Welche Herausforderungen erleben Sie in Ihrem Arbeitsalltag in der Arbeit mit psychisch und/ oder suchtbelasteten Familien bezogen auf Hamburg?
Viele Hilfen, die es gibt, sind für psychisch belastete Familien häufig nicht verständlich und schwer zu erschließen. Es fehlt eine einfach zugängliche Übersicht, denn häufig sind vor allem gute spezialisierte Angebote nicht erkennbar. Eine große Bedeutung hat vor allem die emotionale Situation der Eltern, die beschämt darüber sind, dass sie glauben mit einer Erkrankung als Eltern nicht zu genügen. Hinzu kommt die immer noch verfestigte Angst vor dem Jugendamt. Das Narrativ einer ungünstig verlaufenen Inobhutnahme kann man auch mit vielen gelungenen Hilfeverläufen nicht ausgleichen. Fachkräfte und gestärkte Familien erzählen viel zu wenig diese gelungenen Geschichten und dass es sich lohnt, Unterstützung einzufordern. Antistigmaarbeit ist hier ganz wichtig.
Eine weitere Herausforderung bleibt weiterhin in Hamburg, dass die Angebote für psychisch belastete Familien wie ein Flickenteppich über die Stadt verteilt sind, was unter anderem sehr lange Wege bedeutet.
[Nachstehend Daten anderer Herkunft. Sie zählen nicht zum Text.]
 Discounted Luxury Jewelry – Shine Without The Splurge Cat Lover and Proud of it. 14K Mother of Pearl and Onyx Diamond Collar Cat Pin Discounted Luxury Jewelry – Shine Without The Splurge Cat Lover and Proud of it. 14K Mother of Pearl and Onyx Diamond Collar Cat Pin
Außerdem fehlen präventive Maßnahmen, „Brücken-Angebote“ zwischen den verschiedenen Institutionen und Leistungen. Das Hilfssystem ist sehr versäult und die Familienperspektive noch nicht genug etabliert. Dadurch gehen Familien verloren oder Hilfeprozesse verlaufen unabgestimmt.
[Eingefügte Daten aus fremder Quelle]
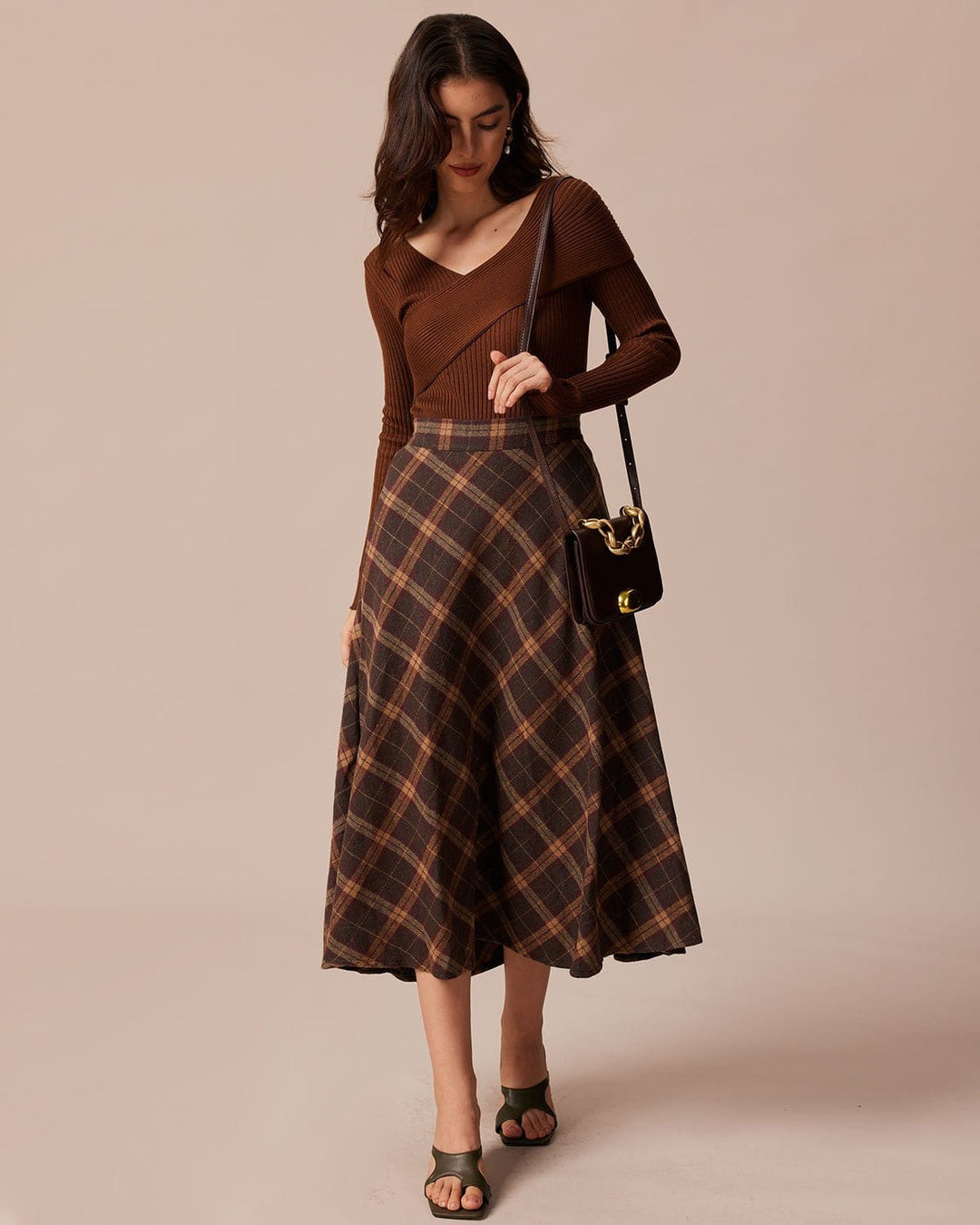 Morgan and Brooke | Brown Plaid A-Line Midi Skirt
Gibt es aus Ihrer Sicht gelungene Praxiserfahrungen bzw. geeignete Orte aus Ihrem Arbeitsumfeld für eine verbesserte Vernetzung der Fachkräfte aus den verschiedenen Sektoren?
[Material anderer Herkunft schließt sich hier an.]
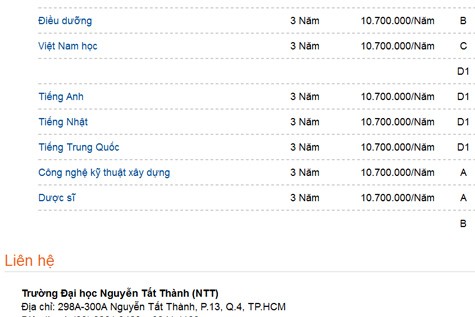 Mức học phí trên trái với thông tin đã công bố trên trang web của ĐH Nguyễn Tất Thành.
Da gibt es vor allem den ganz persönlichen Gewinn der Menschen in ihrer Rolle als Fachkraft. Wenn ich erkenne, was ich auf meiner Ebene tun kann - wie z. B. die Kinderärztin mit einem Hinweis auf ein Beratungsangebot und die Erzieherin in der Kita mit einem kleinen individuellen Angebot für das Kind - und die Sichtweise des anderen zulassen kann, dann sind wir schon ein großes Stück weiter. Die wichtigste Erkenntnis ist dabei: Ich kann etwas tun. Das ist eine Entscheidung und damit Selbstermächtigung jeder einzelnen Fachkraft. Dazu gehört innere Freiheit, Neugierde, Mut oder Zeit für das Kennenlernen des anderen nehmen. Psychosozial, pädagogisch und gesundheitsbezogen Handelnde müssen die Gelegenheiten bekommen, beruflich, institutionelle Beziehungen zu gestalten – dann ist das Gelingen schon sehr nahe. Kooperation entsteht nicht aus dem Nichts, wenn der Fall da und Druck im System ist. Die Zeit, die wir für Klientenbeziehungen oder für gute Elternarbeit brauchen benötigen auch die Fachkräfte - mit Orten der Begegnung, wie z. B. die Zusammenarbeit im Sozialraum oder mehr Kontakte außerhalb der Arbeitsorte – gemeinsame Supervision, Fortbildung, gegenseitige Hospitationen, Sozialraumpartys und Zeit für Persönliches. Wir müssen bewusst Orte des Zusammenkommens gestalten - sowohl online als auch in echt, denn das Thema bleibt sonst in den einzelnen Bereichen isoliert hängen. Das tut A: aufklaren z. B. mit unseren Fortbildungen, Supervisionsgruppen, Walks & Talks und Arbeitskreisen. Kooperation ist kein Hobby, sondern ein Qualitätsstandard.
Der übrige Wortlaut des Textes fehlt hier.